An international approach
The justification for international standards in this area is the same as for international banking standards – the risk of regulatory arbitrage and a race to the bottom for the sake of competitive advantage, coupled with the fact that regulatory failures are likely to have international repercussions. MMFs established in one jurisdiction can be deeply entangled in the financial markets of another. For example, the FSB points out that more than half of EU-based MMFs are denominated in USD or GBP, and foreign-bank obligations represent nearly half of the holdings of US prime MMFs.
In this context, an attempt to set international standards for MMF regulation is seen as worthwhile, despite the obvious limitations of a toolbox approach.
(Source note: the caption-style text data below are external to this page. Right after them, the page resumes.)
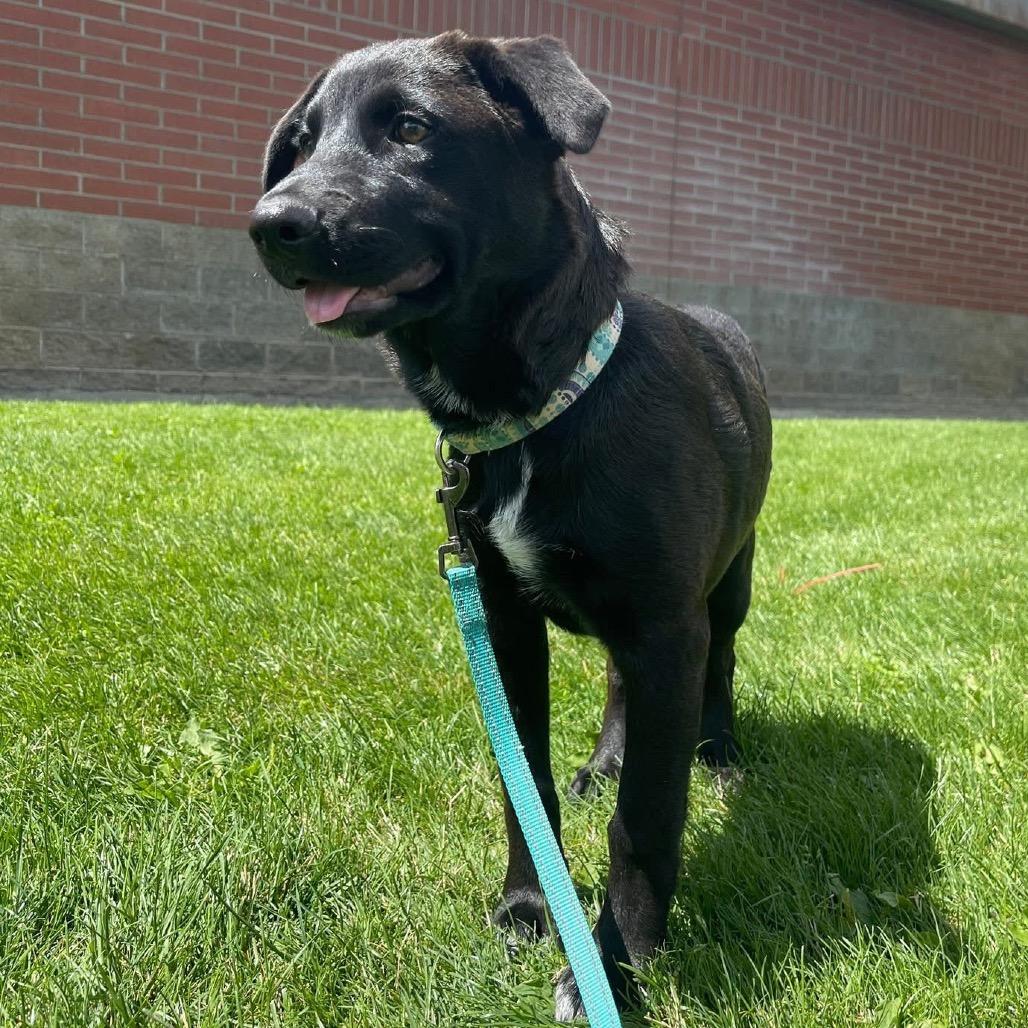 Enlarge Bruce Wayne/Jaa'abani, a Adoptable Shepherd in Tuba City, AZ image 6/6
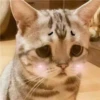 meowmeow*~* 7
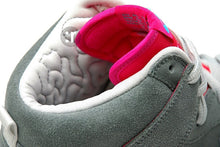 Load image into Gallery viewer, FT SAMPLE DS 2009' Nike Dunk High Pro SB BRAIN WRECK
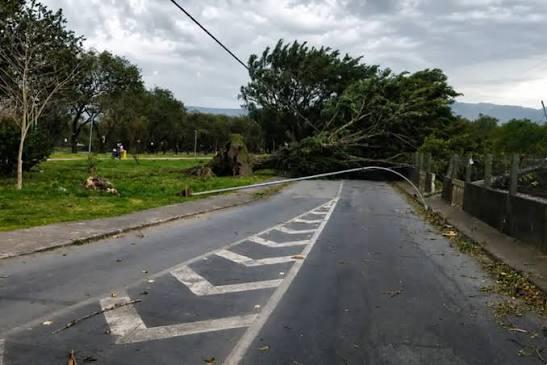 SP: ventania pode atingir 50 km/h no fim de semana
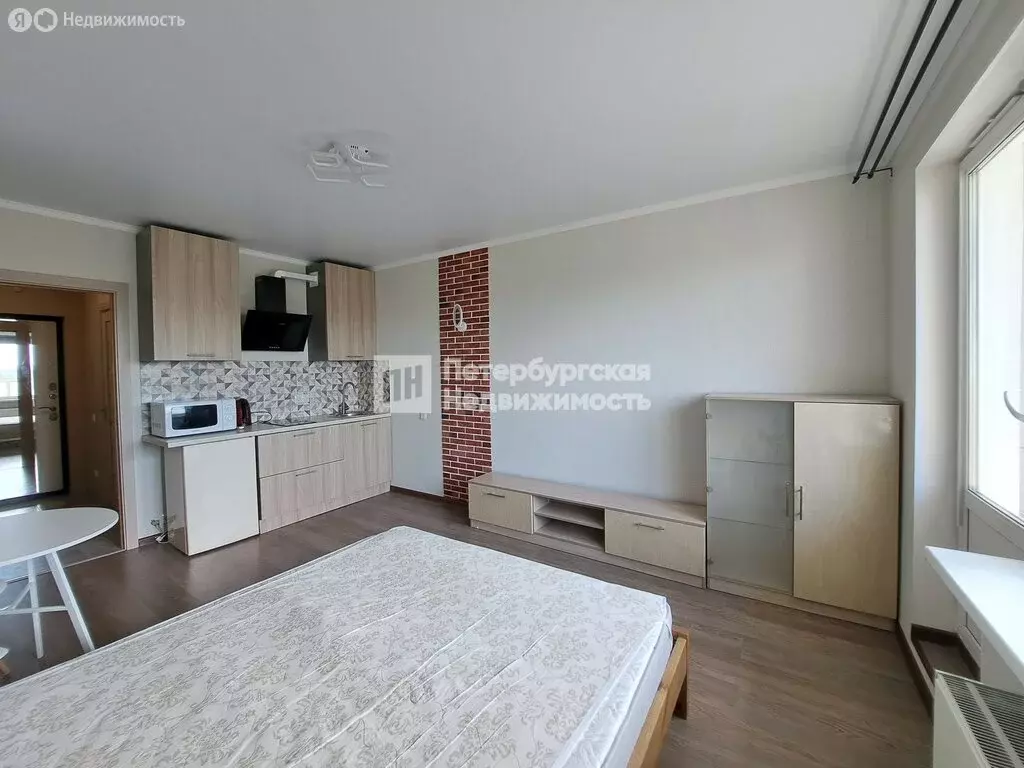 Квартира-студия: посёлок Парголово, Тихоокеанская улица, 18к4 (25 м) - Фото 1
Recommendations that take the form of a set of policy options are going to result in very different regulatory regimes in different countries. And in any event, as with all FSB recommendations, countries are not legally bound to implement them, although peer reviews and the resultant transparency in how countries are implementing these standards may exert a degree of political pressure. But, as discussed above, the toolbox approach is seen as the best way to address diversity, and the mere existence of internationally-endorsed standards creates a sense that individual countries are being held accountable to the international community for their regulation of this sector.
MMFs are just one manifestation of shadow banking, which in its various forms continues to be an area of concern to those tasked with maintaining financial stability. Experience has shown its potential to cause or amplify instability in the wider financial system, and central banks and regulators have much less visibility over these activities than they have over banks.
But judging which of these activities needs to be regulated, and how to regulate those that do, has proved to be difficult. The similarities to banking are never exact, and there is always a risk of unnecessarily constraining the capacity and flexibility of the markets, stifling innovation or causing unintended consequences. The FSB has reported that the shadow banking sector has grown faster than banks over the last decade: these issues are likely to be with us for some time to come.